Cred is a platform built for affluent and creditworthy Indians that rewards them for using it to manage and pay credit card bills. It was founded by Shah less than 10 years ago and, according to the company, now processes over 40% of credit card bill payments in the country and is building a lending business.
Meanwhile, Meta's WhatsApp has 500 million people in India using its messaging services, but is struggling to popularize its payment tool, WhatsApp Pay, in the country's hyper-competitive digital payments space.
The social media giant will not gain access to Cred's member data, the release said. Instead, Meta now has access to Shah, who takes over a leadership role at WhatsApp, replacing Will Cathcart.
"While it's come very far, the delta between WhatsApp today and its full potential is massive," Shah said in a post on X.
According to investors in Cred, the serial fintech entrepreneur has been pivotal to the firm's success, creating an engaged userbase of over 170 million creditworthy Indians.
"The company [Cred] has created a category, amassed millions of highly engaged users, and built a sound economic engine," Shailendra Singh, managing director of PeakXV Partners, said in the release.

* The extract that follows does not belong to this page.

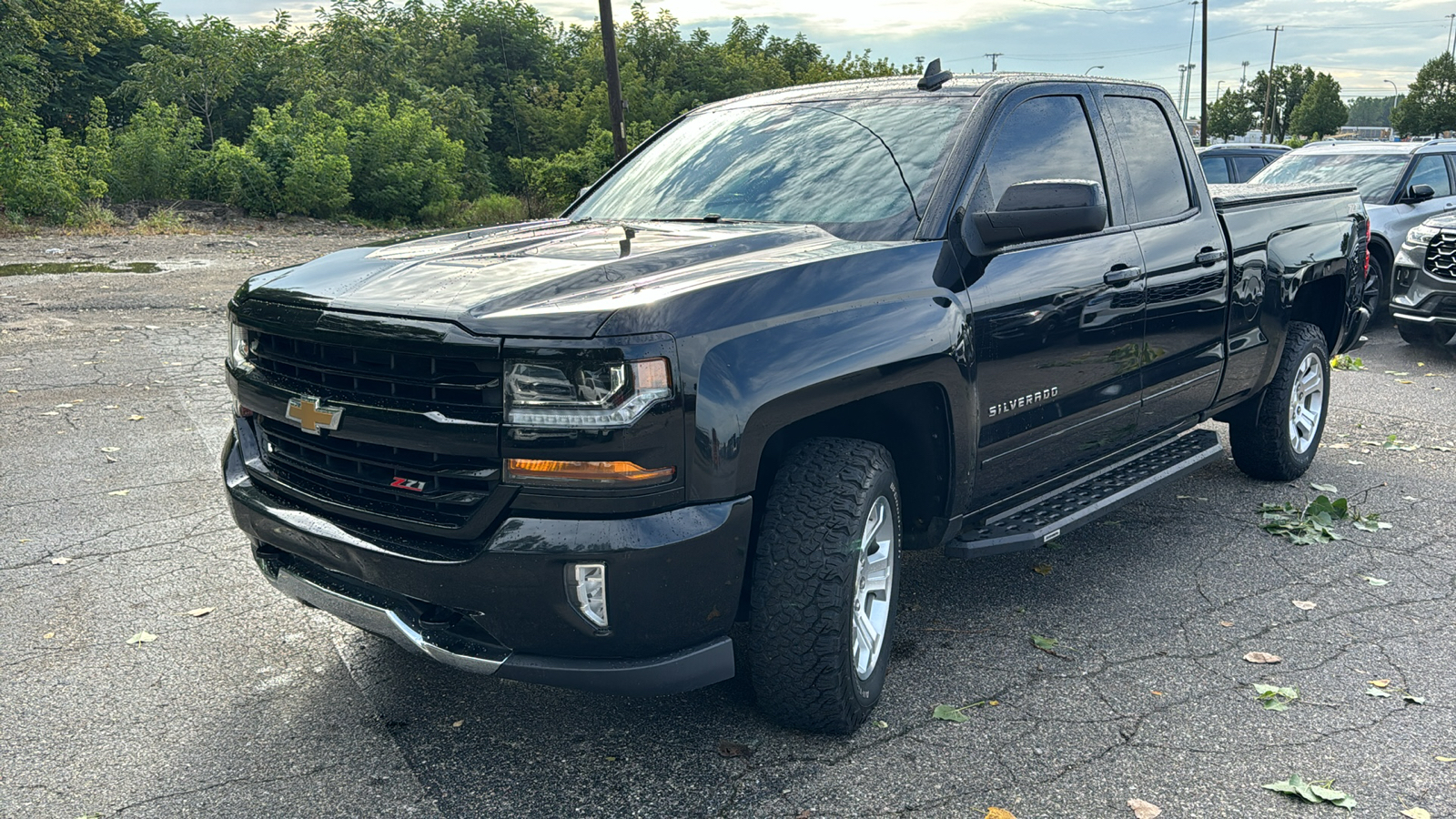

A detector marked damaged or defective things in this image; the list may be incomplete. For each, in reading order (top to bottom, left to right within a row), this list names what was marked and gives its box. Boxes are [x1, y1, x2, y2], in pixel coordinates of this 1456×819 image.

cracked asphalt [3, 231, 1456, 815] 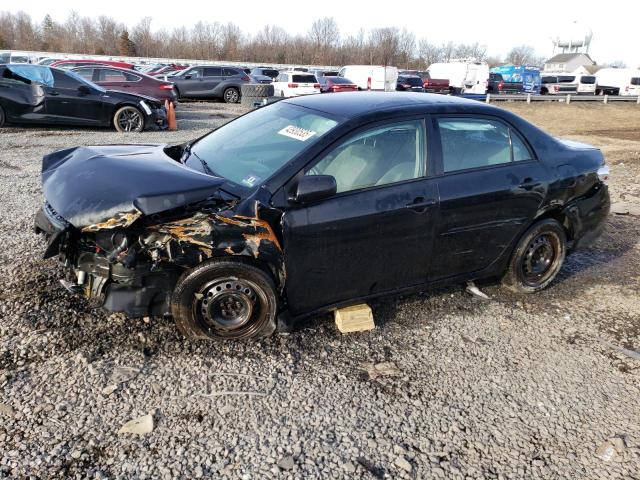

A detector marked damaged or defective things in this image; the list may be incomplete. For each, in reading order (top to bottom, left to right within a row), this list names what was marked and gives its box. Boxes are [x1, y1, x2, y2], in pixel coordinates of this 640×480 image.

He added that a lot of the credit for Cred's "unusual success goes to Kunal [Shah]."
But even as Cred scores high in generating engagement, data from the Indian startup intelligence platform Tracxn shows it is yet to turn profitable. Though Shah, in his post on X, has claimed that the firm has had its "first profitable quarter."
While Shah will move to Meta, Miten Sampat, who was driving strategy and finance at Cred, will take over as the interim CEO. Simultaneously, the board will be in the process of "constituting the right leadership structure towards eventual IPO," the Indian company said.